Perinet’s reputation in the nineteenth century and the beginning of the twentieth was governed by the general low esteem in which the Viennese popular theater was still held at the time by scholars of “serious” literature; in Perinet’s particular case, the low critical opinion was exacerbated by Joseph Sonnleithner’s hatchet job of 1827, reproduced nearly word for word in Wurzbach and from there taken up into the ADB and Gugitz’s first article on Perinet. Apart from his reliance on that questionable source, however, Gugitz’s writings on Perinet are the first serious scholarly work on the author, and are still essential. In early critical reactions, Perinet’s writing (and the man himself) is depicted as facile, shallow, and inclined to coarse smutty humor. But even Gugitz (who perhaps in spite of himself seems to have been fascinated by Perinet) admitted that Perinet’s prose writings had merit: “Diese feuilletonistischen Arbeiten sind vielleicht das Erfreulichste und Dauerndste, auch Selbständigste in Perinets Schaffen … (These feuilletonistic works are perhaps the most gratifying and lasting, and also the most independent in Perinet’s œuvre…; Gugitz 1905, 162).
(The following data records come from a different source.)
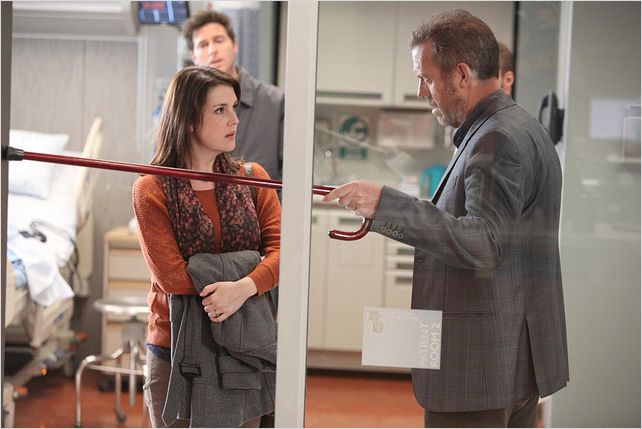 Dr House : photo Hugh Laurie, Melanie Lynskey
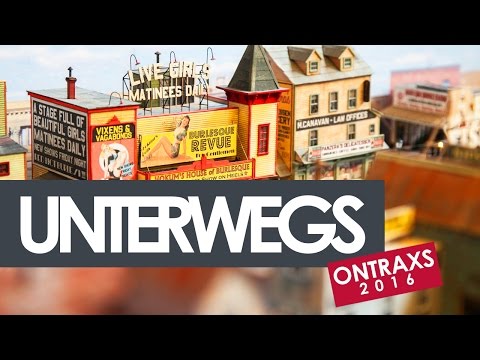 Unterwegs auf der Ontraxs 2016
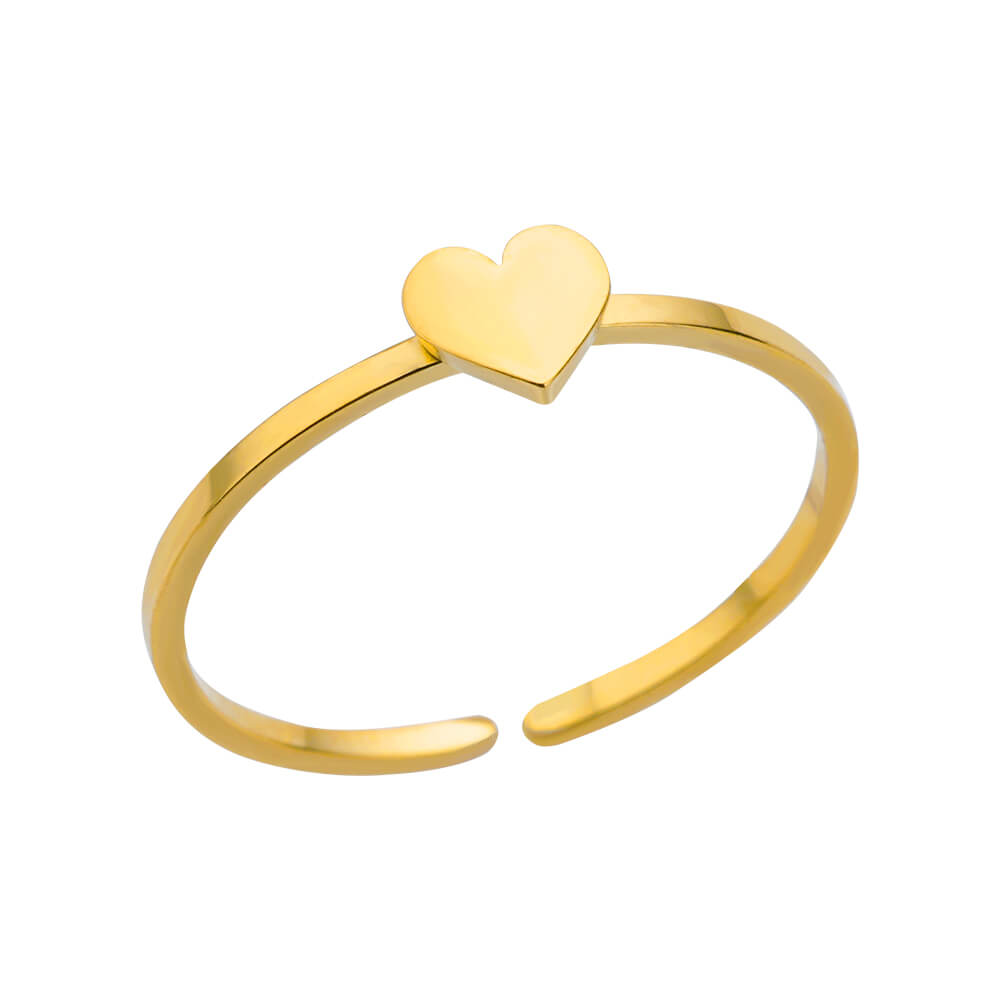 Palmenblattförmige ringe für damen, edelstahl, zirkonia, verstellbarer fingerring, partyschmuck, Schmuckstück femme: Braun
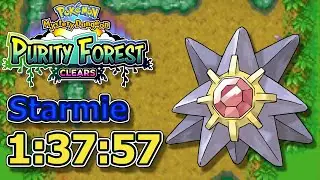 Starmie (1:37:57) - Purity Forest Clears (199/386) - Pokemon Mystery Dungeon: Blue Rescue Team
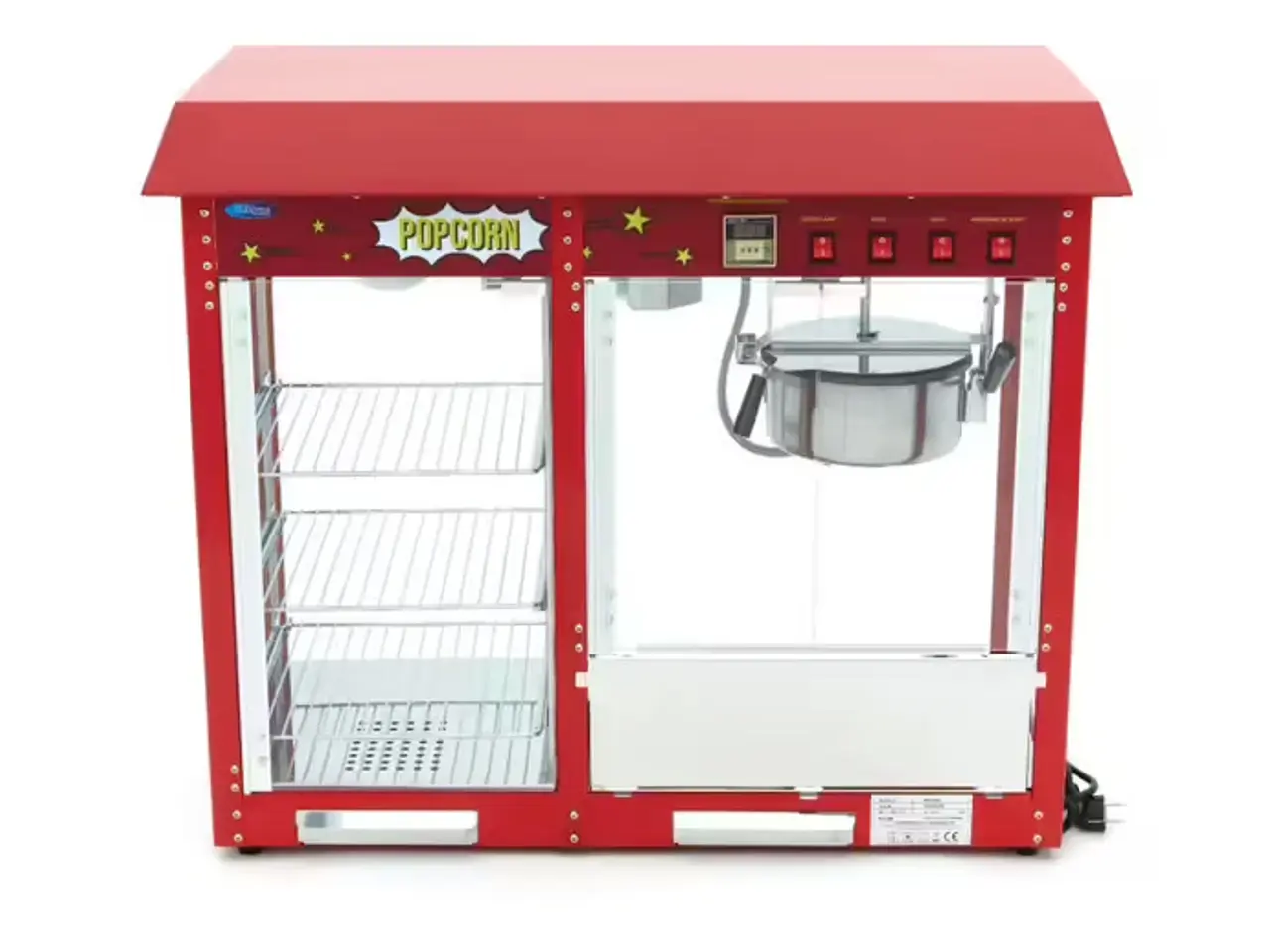 Billede 3 - Popcornmaskine 150 g – B90 x D42 x H76 cm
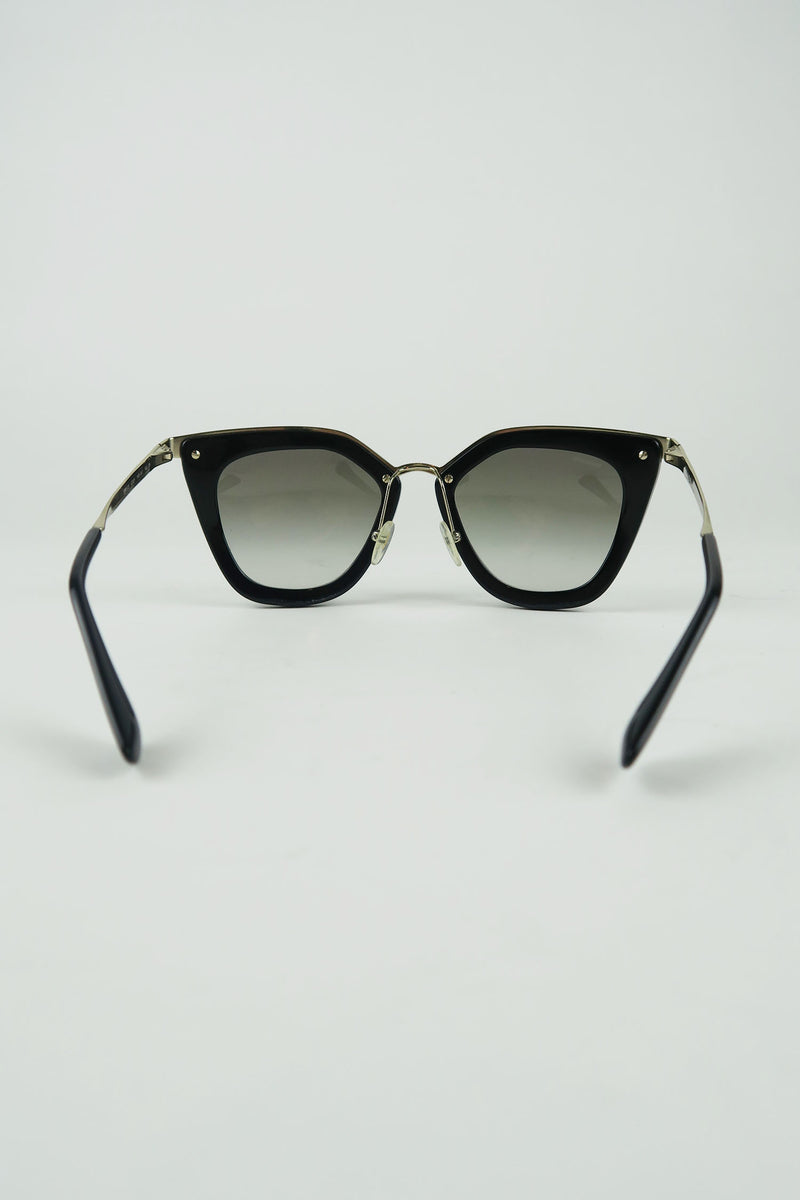 Prada Cat-Eye Gradient Sunglasses
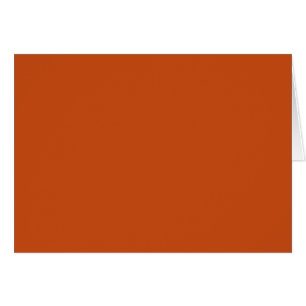 Burnt Orange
The view of Perinet in the decades after the Second World War changed markedly, so that, for example, the article on Perinet in the Historisches Lexikon Wien can now claim: “Perinet war einer der kreativsten Theaterdichter und einer der Begründer des Wiener Volkstücke…” (Perinet was one of the most creative theater writers and a founder of the Viennese popular theater…). Bodi also points to Perinet’s satirical critique of the hypocrisy of the Viennese-style Enlightenment; for example, Perinet astutely draws a parallel between the enduring Viennese love of animal baiting (die Hetze) and their love of public executions and punishment (Bodi 1977, here esp. 386; see chpt. 16, “Eine Exekuzion” in 29 Annehmlichkeiten). Perinet also jokes that the street lighting in Vienna is poor because the Viennese are so enlightened they don’t need it (Bodi 1977, 381; see chpt. 22, “Die Beleuchtung” in 29 Annehmlichkeiten).
As an author, Perinet wrote quickly and much, and probably revised little. He should be evaluated not as someone self-consciously trying to write for the ages, but as someone writing topical and (often) perishable comedy for a broad audience, rather like a writer for a modern comedy sketch show on television. And by all appearances, he was quite good at this.
In 1919, a short street near the northwest corner of the Augarten on the border between the districts of Leopoldstadt and Brigittenau was named Perinetgasse in his honor, a name that it retains today.